Hiya I'm back! and I'll just get right down to business.

The following is deadly to anything alive today and most certainly would kill humans.

But what about Argentinosaurus? The largest land mammal that ever lived I presume? You think due to it's shear size it could survive in the following scenarios?

1. Argentinosaurus gets bit by an Inland Taipan.

2. Argentinosaurus gets  bit by a rabies infected raccoon.

3. Argentinosaurus gets swarmed by Africanized Bees.

4. Argentinosaurus gets infected by malaria through a mosquito.

5. Argentinosaurus vs. a stampeding herd of elephants 10-15 of them.

6. Argentinosaurus gets infected with the bubonic plague.

7. Argentinosaurus steps on a land mine.

8. Argentinosaurus in the point blank blast radius of a grenade.

So how do you think Argentinosaurus would fare in any of the above situations. Would it's shear size play a role in it's survival? Could these instances cripple or give lasting injuries.

It's good to be back!

Hello Max.  Good to have you back.

1. Argentinosaurus gets bit by an Inland Taipan: Argentinosaurus may have weighed between 80-100 tons, placing it among the top of the list regarding large dinosaurs.  The Inland taipan is generally considered to be the most venomous of all snakes.  Considering a king cobra can kill an adult elephant with its bite, an Inland taipan's bite will probably affect the Argentinosaurus to some degree.  The king cobra has a greater venom yield than the Indian taipan's (2nd to only the gaboon viper), but its venom isn't as potent drop-for-drop.  The elephant is a mammal, and mammals are likely affected differently (but probably more adversely) than reptiles.  With these factors in mind, I believe the bite of the Inland taipan will possibly make the dinosaur feel a bit ill, but will not have near enough potency to kill it.

2. Argentinosaurus gets bitten by a rabies-infected raccoon: Rabies is a viral disease that affects warm-blooded animals, and by all accounts I've come across, does not affect reptiles.  Based on this, the Argentinosaurus would suffer no ill effects from the rabid raccoon.

3. Argentinosaurus gets swarmed by Africanized bees: Africanized bees (or "killer bees") are certainly more aggressive than the typical honey bee, but their venom is no more potent.  The skin of a reptile can be tougher than the skin of a mammal (depending on what is compared), and it's possible the Africanized bees won't be able to penetrate the skin of Argentinosaurus.  There are likely to be some vulnerable spots (perhaps around the dinosaur's head), but the bees might not know to target a specific area.  Any bee that stings will die soon afterwards (its sting is pulled out of its body along with other body parts).  It would take a truly massive swarm of bees to deliver enough venom to actually kill an Argentinosaurus, and that's only if the stings can penetrate.  The Argentinosaurus will surely be annoyed by the attacking bees, however, and may seek refuge in a body of water.
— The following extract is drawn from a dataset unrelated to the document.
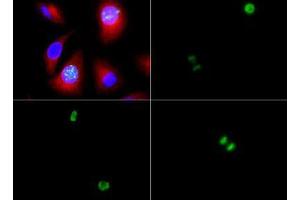 Fluorescence Microscopy (FM) image for anti-Histone 3 (H3) (pSer10) antibody (ABIN5706877)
4. Argentinosaurus gets infected by malaria through a mosquito: There is some debate on whether or not dinosaurs were warm-blooded or cold-blooded, and that might make a difference in the mosquito's actions.  It won't likely bite a cold-blooded animal.  Having said that, I'm not certain if malaria would affect an Argentinosaurus.  Even if it did, considering the many humans that survive infection, I doubt there would be much concern for an animal possibly weighing as much a 1000 humans.  I'm guessing the Argentinosaurus will be OK.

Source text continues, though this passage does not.